In accordance with ontological foundations (see Section 2.1) of the theoretical approach he wanted to promote, Gibson redefined the bases of perception [6]. Contrary to the shared belief of their time, he stated that sensory stimulation does not reside in frozen images, constituting approximate representations of the environment needing to be enriched through the implementation of high-level cognitive mechanisms. Instead, he considered that the information needed to control an action is directly available in the perceptual flows (e.g., optic, acoustic,…) without a need for enrichment. In summary, he did not agree with the proponents of cognitive approaches that supported a theory of poor sensorial input over a theory of rich perceptual input. The challenge for the agent would be to actively discover, in the perceptual flows the required perceptual information to fulfill the task at hand. Gibson spent a great deal of effort in describing and even formalizing the optic flow variables that could be used to control a given action (see [40,41] and Figure 1).

2.3. Where Is the Useful Information for Controlling the Action?

In the present review, we have chosen to focus on the visual control of displacement, based on optic flow. However, it is worth mentioning that the same reasoning holds for the other perceptual systems (see [42] for a relevant position paper on this topic). As stated previously, Gibson considered that the information required to carry out a given displacement is available in the perceptual flows, in our case the optic flow, which reach the agent.
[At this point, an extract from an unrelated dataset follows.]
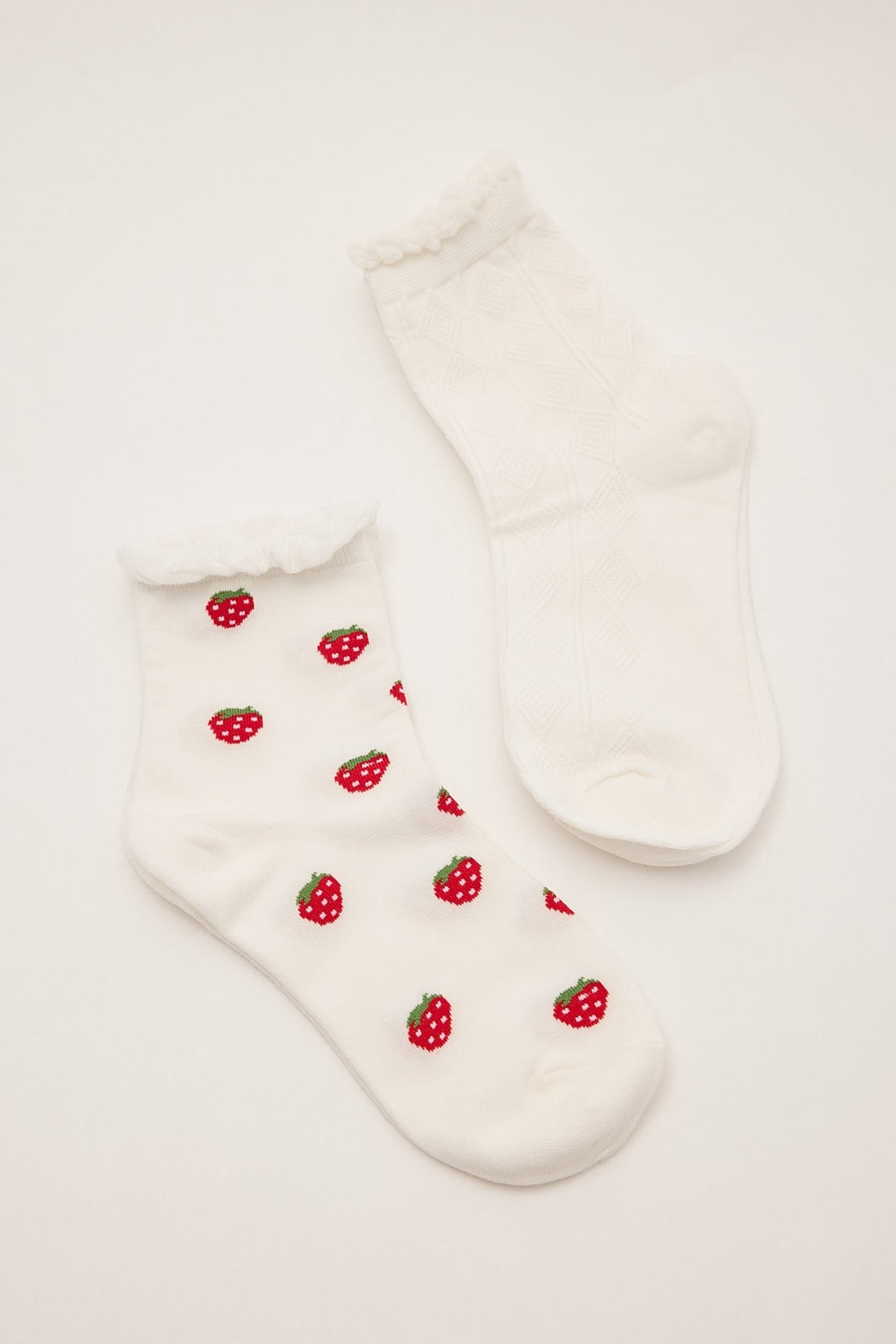 Token Strawberry Kisses 2 Pack Socks White and Red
This optic flow corresponds to changes in the optic array following a displacement of the agent in the environment (also called global optic flow) or a displacement of objects within the environment relative to the agent (also called local optic flow). The optic flow generally combines local and global components without unduly complicating the issue of displacement control. The optic flow can be represented by a vector field characterizing (in amplitude and direction) the displacements of each point of the optic array following a displacement of the agent (Figure 1). An important point lies in the specificity of the flow in the sense that a given displacement gives rise to one, and only one optic flow. However, whatever the displacements produced, some styles of change in the optic flow are preserved (what Gibson called persistence over change). According to Gibson, the perceptual information useful for controlling the action lies precisely in these styles of change, called invariants [38], which precisely characterize the evolution of the agent-environment relation during the completion of a goal-directed displacement.
For example, when an agent moves forward, the optic flow expands radially from a stationary point, called the focus of expansion (FOE) (Figure 1), which coincides with the direction of travel. In the situation where an agent wants to control their direction of travel in a cluttered environment, control of the task consists of moving in such a way that the FOE coincides each time with the trajectory they want to follow [43,44] (provided they are able to detect the FOE). Let us now consider the case (called the outfielder problem) of an agent who wishes to intercept a moving target approaching along a parabolic flight. The only thing the agent has to do, assuming they are sensitive to the perceptual information, is to move appropriately so as to continuously cancel the optical vertical acceleration of the target [45,46]. Interestingly, this remarkable perceptual information reveals nothing about where and when the interception should occur, it just allows the agent to complete the task thanks to a strong coupling between perception and action.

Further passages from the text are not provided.